Russia’s military activity in Belarus and Tajikistan reinforces the belief that the Putinian Russia project has just begun. Putin is a Russian Imperial Tsardom man through and through. He dislikes Bolshevik Russia, despite his mantra about taking the Soviet Union as a historical reference in giving back to Russia what is “rightfully” Russia’s. With the annexation of all or most of Ukraine, the world, or my generation, at least, will have seen a global affair come full circle with the return of the Cold War.
So, what could be Russia’s next step? Will Latvia, Lithuania, and Estonia be the next prey? There are technically 15 former USSR states that nationalist Russians consider theirs and blame the West for their loss, a theory posited by Putin himself.
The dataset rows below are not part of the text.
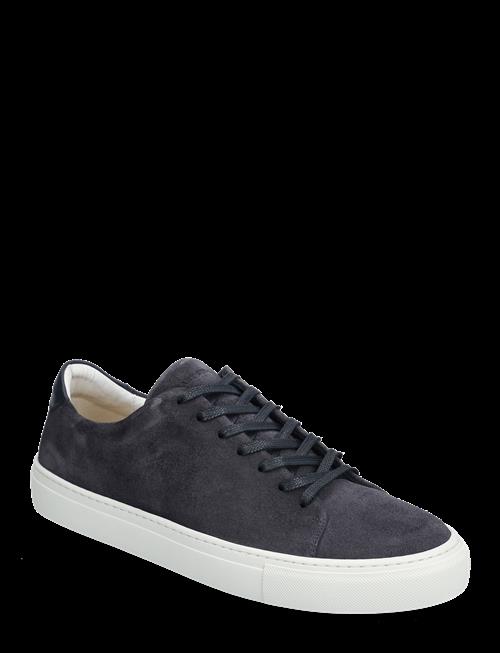 Sneaky Steve | Moore Suede | 42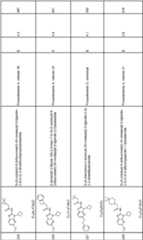 Figure imgf000112_0001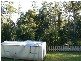 10 Blackwood Lane, Spreyton TAS 7310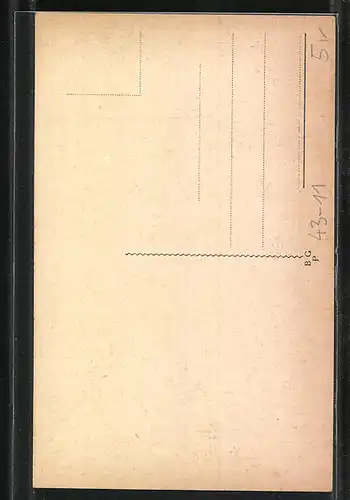 AK Palermo, Catacombe dei Cappuccini, 1533-1880, Dettaglio, Reparto Donne, Bambine imbalsamate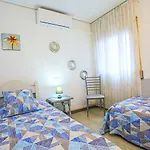 别墅 Litoral Costa Dorada - Casa Del Sol Only Families *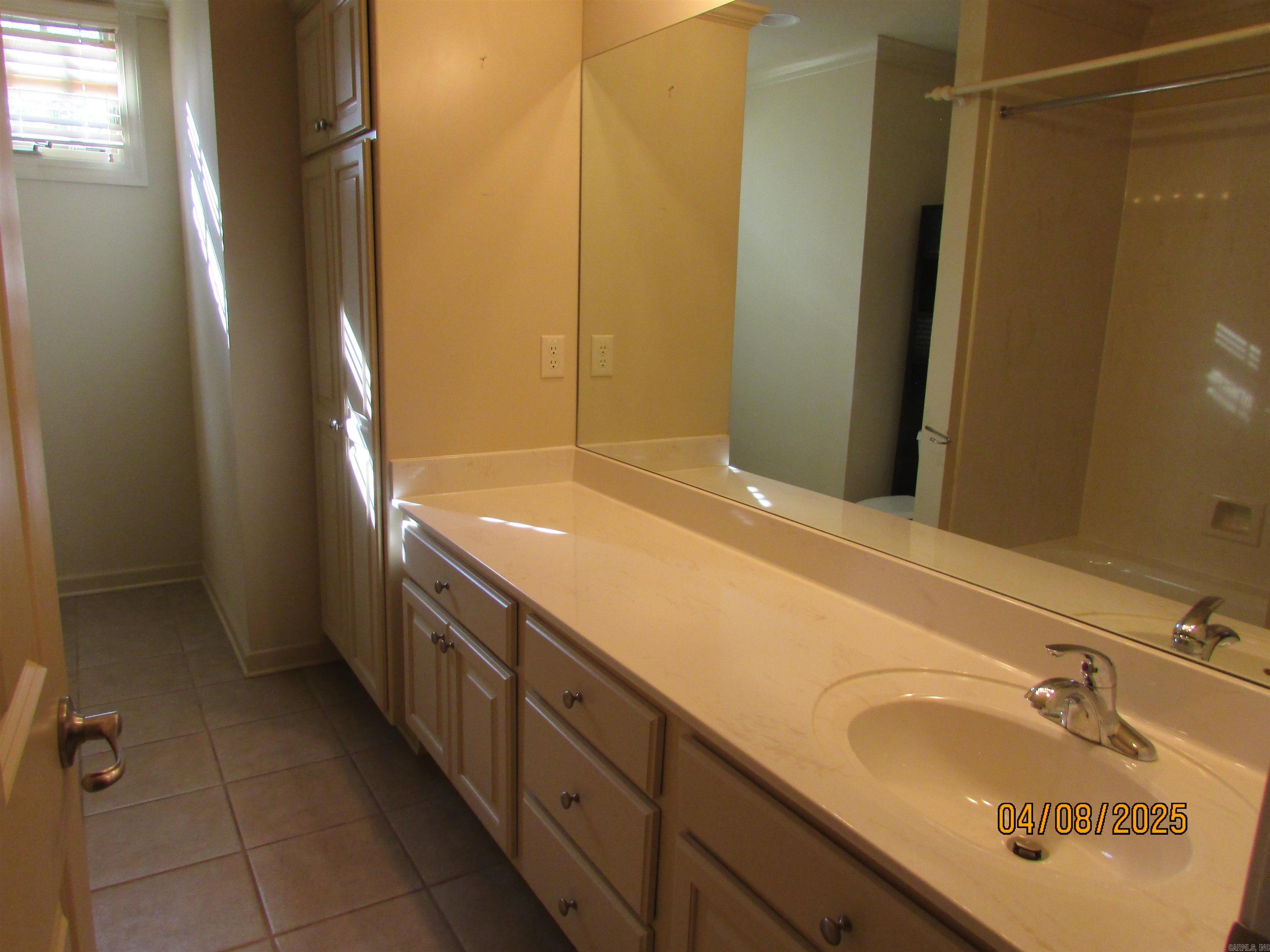 22 Creekwood Cove  North Little Rock, AR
In a previous speech, the Russian President outlined a political map of utmost importance to grasp what is happening now and what the future may hold, saying: “The leadership of the Communist Party made a lot of mistakes that led to the collapse of the USSR, planting a ‘time bomb’ under the Russian State, at the time called the USSR, by allowing Soviet republics the right to self-determination.”
The deeper dimension of the conflict is Putinian Russia’s determination to expand, at a time when the NATO and the West find themselves in a dire strait: going into a direct clash with a nuclear power is off the table, and entering Ukraine is a political statement that augurs a different world with as-of-yet unknown dimensions, even in other conflict zones across the globe.
A political solution seems far-fetched, such as the Ukraine crisis pushing major powers to seek a new coexistence formula built on the premise of refraining from using force to resolve conflicts, while taking into account the provision of security guarantees. In fact, this is the justification that Moscow reiterates in its objections to the NATO. There is no doubt that since the end of the Cold War, the world has missed the bipolar model. For all its faults, bipolarity at least guaranteed stability on major fronts.
The invasion of Ukraine did not come as a surprise. It was rather expected, as was the use of gas against Europe. Still, there will be no military solution at the level of major powers. As such, it is feared that the West will go for a military option that uses other frontlines in other states, in a bid to warn Moscow that what happened in Ukraine cannot happen again elsewhere.
As for economic sanctions, they are known to be an ineffective weapon, especially when used against systems that are willing to pay the price, dear as it may be. But ironically, the exorbitant costs of Ukraine’s invasion are being borne by the West and the other states of the world, what with the worsening inflation and the price hikes in vital commodities, like energy and wheat.